Unity Fiji Manifesto Highlights: Restore Gcc And Solution To Eradicate Poverty

Unity Fiji has plans to restore the Great Council of Chiefs (GCC).
This according to its manifesto that was released at the Wesley Church Hall in Butt Street, Suva, on Friday.
The restoration of the GCC, it believes, would realign its role to economic and social development.
Coupled with this, all legislations including the infamous Bill 17 – now known as the iTaukei Land Trust (Budget Amendment) Act 2021 – would be reversed.
The party believes that the amendment reduces the resource owners’ control.
The party will also establish a commission to review what Mr Narube calls the ‘imposed 2013 Constitution’.
Party leader, Savenaca Narube, said the manifesto was to restore hope and freedom.

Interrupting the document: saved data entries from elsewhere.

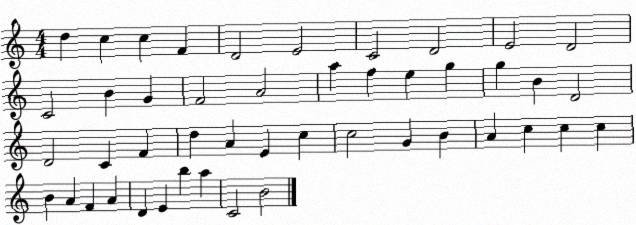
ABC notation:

X:1
T:Untitled
M:4/4
L:1/4
K:C
d c c F D2 E2 C2 D2 E2 D2 C2 B G F2 A2 a f e g g B D2 D2 C F d A E c c2 G B A c c c B A F A D E b a C2 B2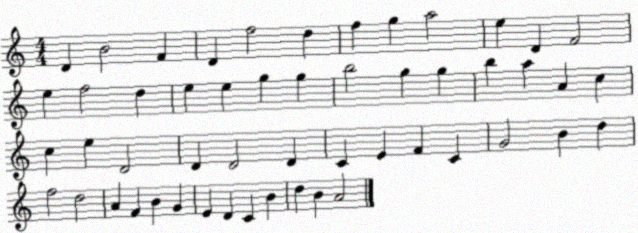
X:1
T:Untitled
M:4/4
L:1/4
K:C
D B2 F D f2 d f g a2 e D F2 e f2 d e e g g b2 g g b a A c c e D2 D D2 D C E F C G2 B d f2 d2 A F B G E D C B d B A2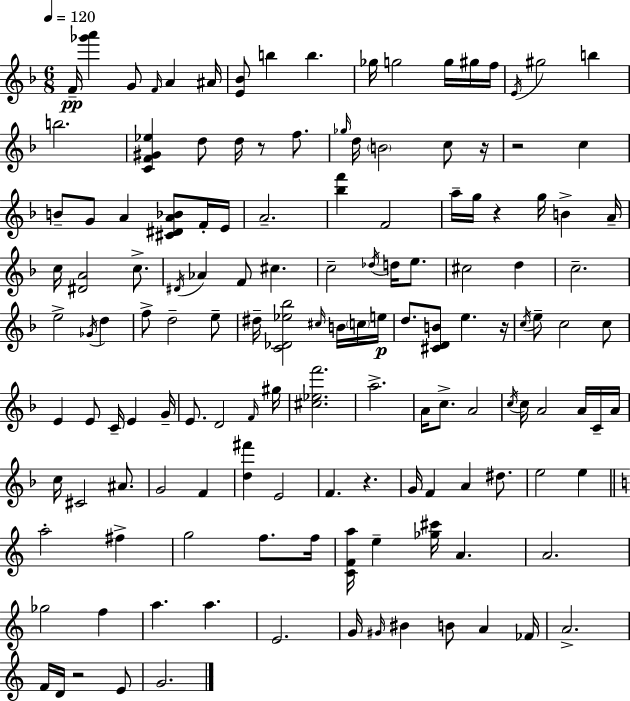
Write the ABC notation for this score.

X:1
T:Untitled
M:6/8
L:1/4
K:Dm
F/4 [_g'a'] G/2 F/4 A ^A/4 [E_B]/2 b b _g/4 g2 g/4 ^g/4 f/4 E/4 ^g2 b b2 [CF^G_e] d/2 d/4 z/2 f/2 _g/4 d/4 B2 c/2 z/4 z2 c B/2 G/2 A [^C^DA_B]/2 F/4 E/4 A2 [_bf'] F2 a/4 g/4 z g/4 B A/4 c/4 [^DA]2 c/2 ^D/4 _A F/2 ^c c2 _d/4 d/4 e/2 ^c2 d c2 e2 _G/4 d f/2 d2 e/2 ^d/4 [C_D_e_b]2 ^c/4 B/4 c/4 e/4 d/2 [^CDB]/2 e z/4 c/4 e/2 c2 c/2 E E/2 C/4 E G/4 E/2 D2 F/4 ^g/4 [^c_ef']2 a2 A/4 c/2 A2 c/4 c/4 A2 A/4 C/4 A/4 c/4 ^C2 ^A/2 G2 F [d^f'] E2 F z G/4 F A ^d/2 e2 e a2 ^f g2 f/2 f/4 [CFa]/4 e [_g^c']/4 A A2 _g2 f a a E2 G/4 ^G/4 ^B B/2 A _F/4 A2 F/4 D/4 z2 E/2 G2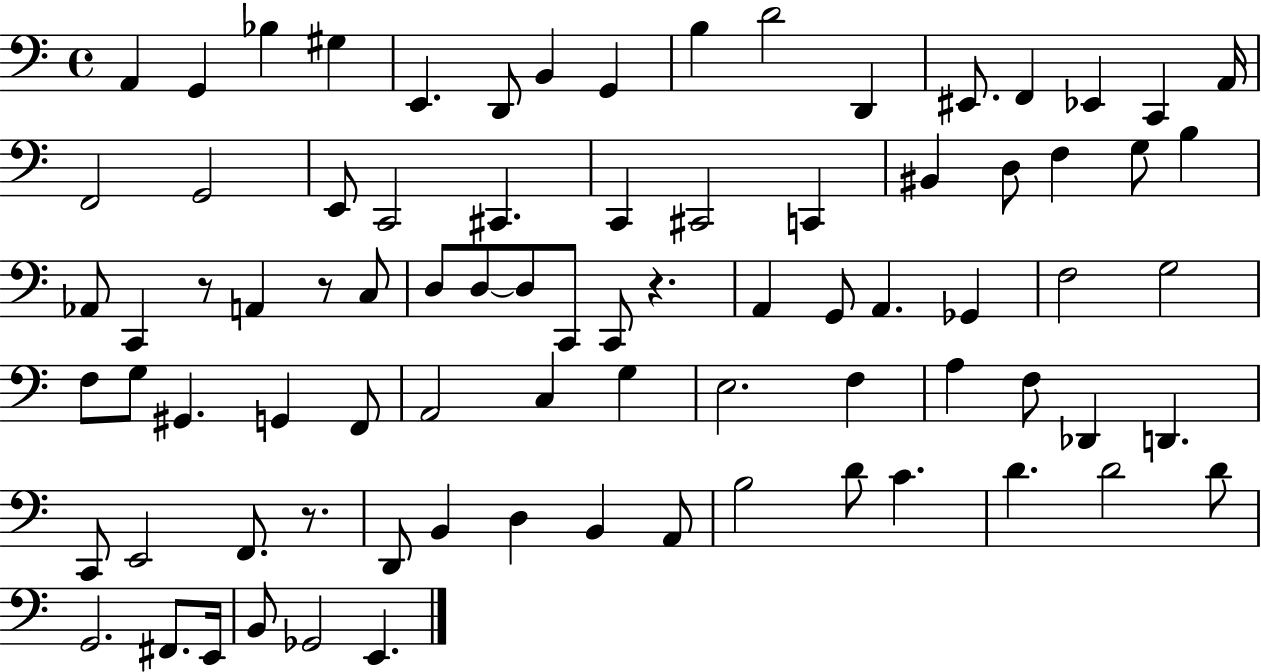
A2/q G2/q Bb3/q G#3/q E2/q. D2/e B2/q G2/q B3/q D4/h D2/q EIS2/e. F2/q Eb2/q C2/q A2/s F2/h G2/h E2/e C2/h C#2/q. C2/q C#2/h C2/q BIS2/q D3/e F3/q G3/e B3/q Ab2/e C2/q R/e A2/q R/e C3/e D3/e D3/e D3/e C2/e C2/e R/q. A2/q G2/e A2/q. Gb2/q F3/h G3/h F3/e G3/e G#2/q. G2/q F2/e A2/h C3/q G3/q E3/h. F3/q A3/q F3/e Db2/q D2/q. C2/e E2/h F2/e. R/e. D2/e B2/q D3/q B2/q A2/e B3/h D4/e C4/q. D4/q. D4/h D4/e G2/h. F#2/e. E2/s B2/e Gb2/h E2/q.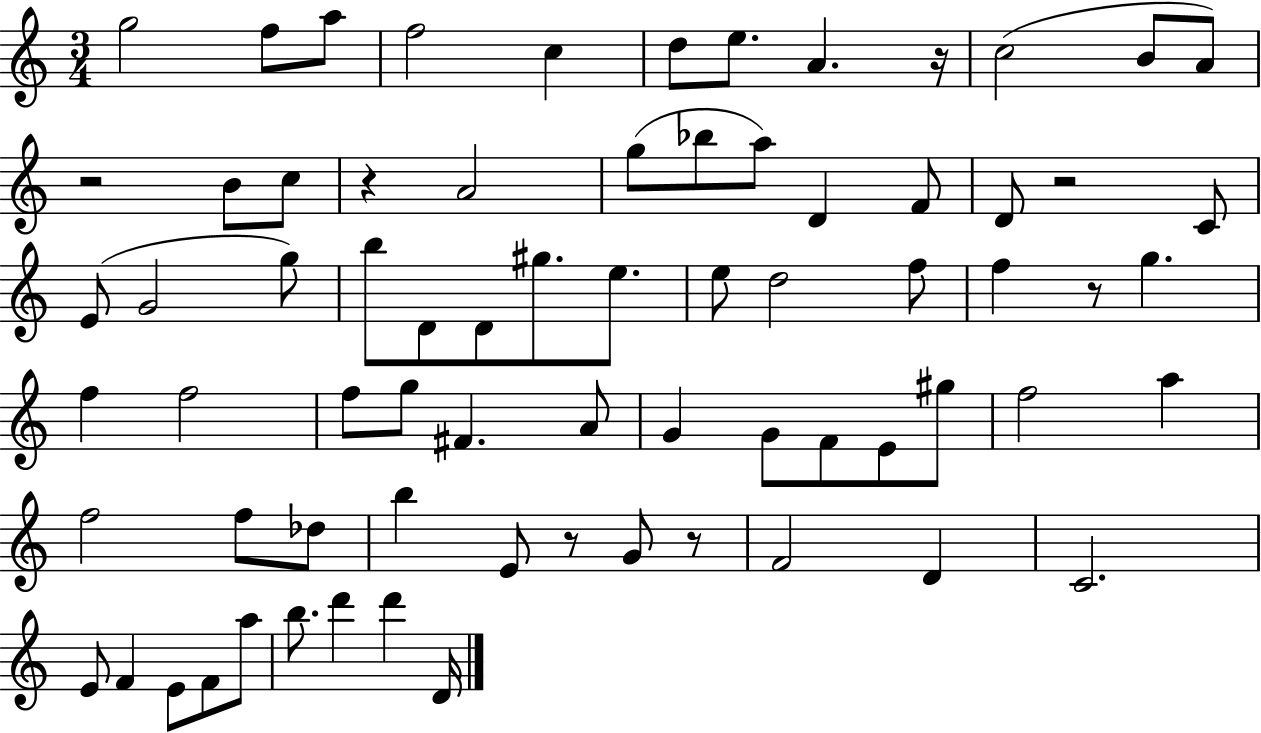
{
  \clef treble
  \numericTimeSignature
  \time 3/4
  \key c \major
  g''2 f''8 a''8 | f''2 c''4 | d''8 e''8. a'4. r16 | c''2( b'8 a'8) | \break r2 b'8 c''8 | r4 a'2 | g''8( bes''8 a''8) d'4 f'8 | d'8 r2 c'8 | \break e'8( g'2 g''8) | b''8 d'8 d'8 gis''8. e''8. | e''8 d''2 f''8 | f''4 r8 g''4. | \break f''4 f''2 | f''8 g''8 fis'4. a'8 | g'4 g'8 f'8 e'8 gis''8 | f''2 a''4 | \break f''2 f''8 des''8 | b''4 e'8 r8 g'8 r8 | f'2 d'4 | c'2. | \break e'8 f'4 e'8 f'8 a''8 | b''8. d'''4 d'''4 d'16 | \bar "|."
}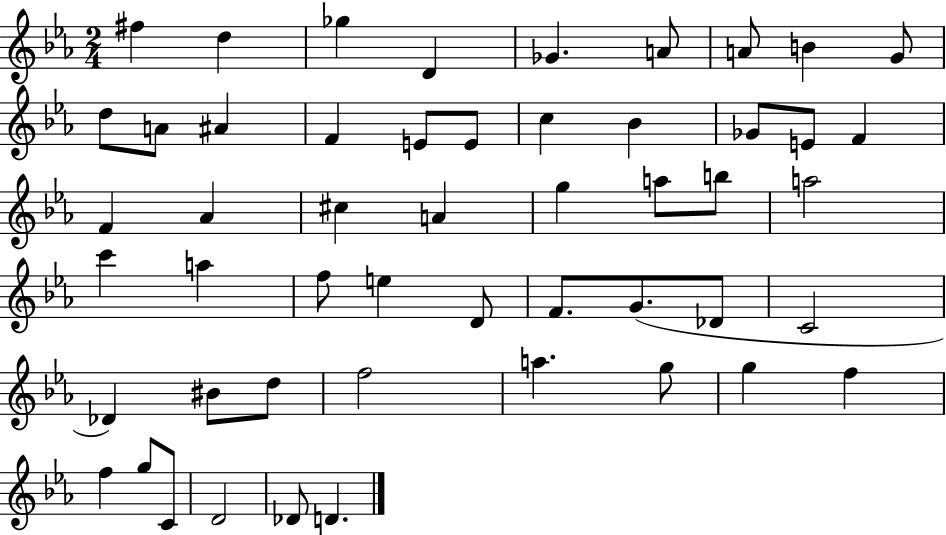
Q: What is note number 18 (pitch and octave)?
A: Gb4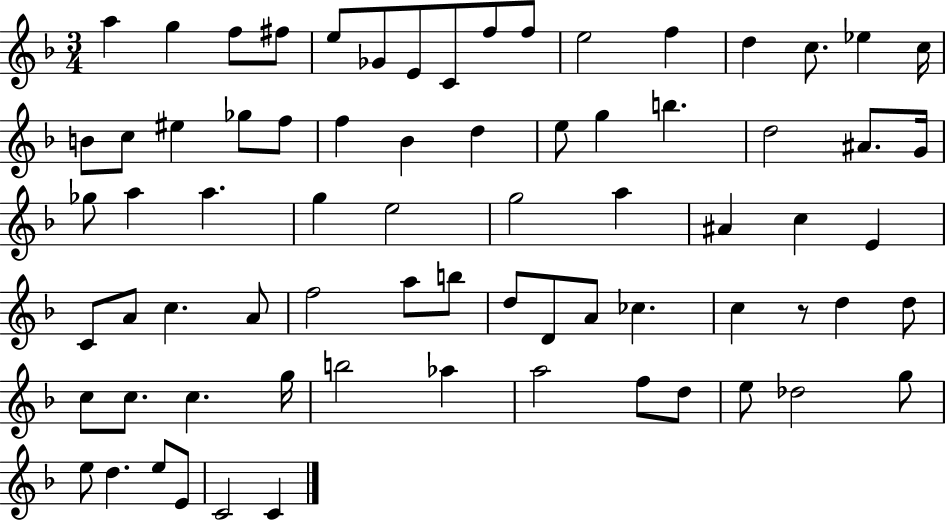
A5/q G5/q F5/e F#5/e E5/e Gb4/e E4/e C4/e F5/e F5/e E5/h F5/q D5/q C5/e. Eb5/q C5/s B4/e C5/e EIS5/q Gb5/e F5/e F5/q Bb4/q D5/q E5/e G5/q B5/q. D5/h A#4/e. G4/s Gb5/e A5/q A5/q. G5/q E5/h G5/h A5/q A#4/q C5/q E4/q C4/e A4/e C5/q. A4/e F5/h A5/e B5/e D5/e D4/e A4/e CES5/q. C5/q R/e D5/q D5/e C5/e C5/e. C5/q. G5/s B5/h Ab5/q A5/h F5/e D5/e E5/e Db5/h G5/e E5/e D5/q. E5/e E4/e C4/h C4/q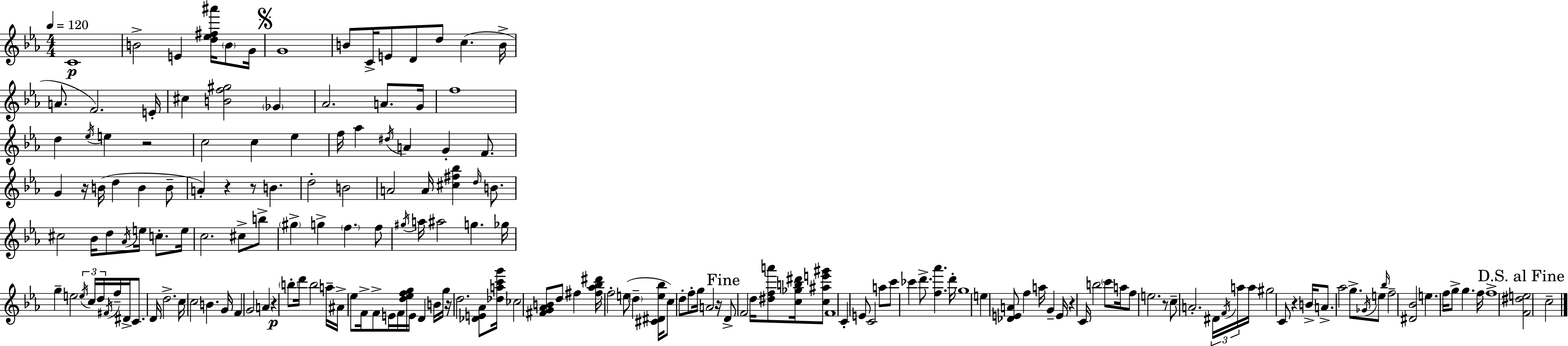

“Enough is enough. Let us unite and fight against economic mismanagement, social degradation, corruption, attack on basic freedoms and dictatorship that have brought inequalities, discriminations, intimidation, and poverty,” he said.
However, Government has been adamant that this idea would spark racial division.
During the Kadavu Provincial Council Meeting, Prime Minister, Voreqe Bainimarama, highlighted that it has been 15 years since Fiji operated without the council and that the Government has worked hard to maintain peace among all races.
“I know it is a sensitive topic to us. We are easily swayed when this is encouraged,” he said.
“Do not let it bother you.”
Apart from this, Unity Fiji has mapped out efforts it would carry out to fight poverty in the country if it forms the next Government.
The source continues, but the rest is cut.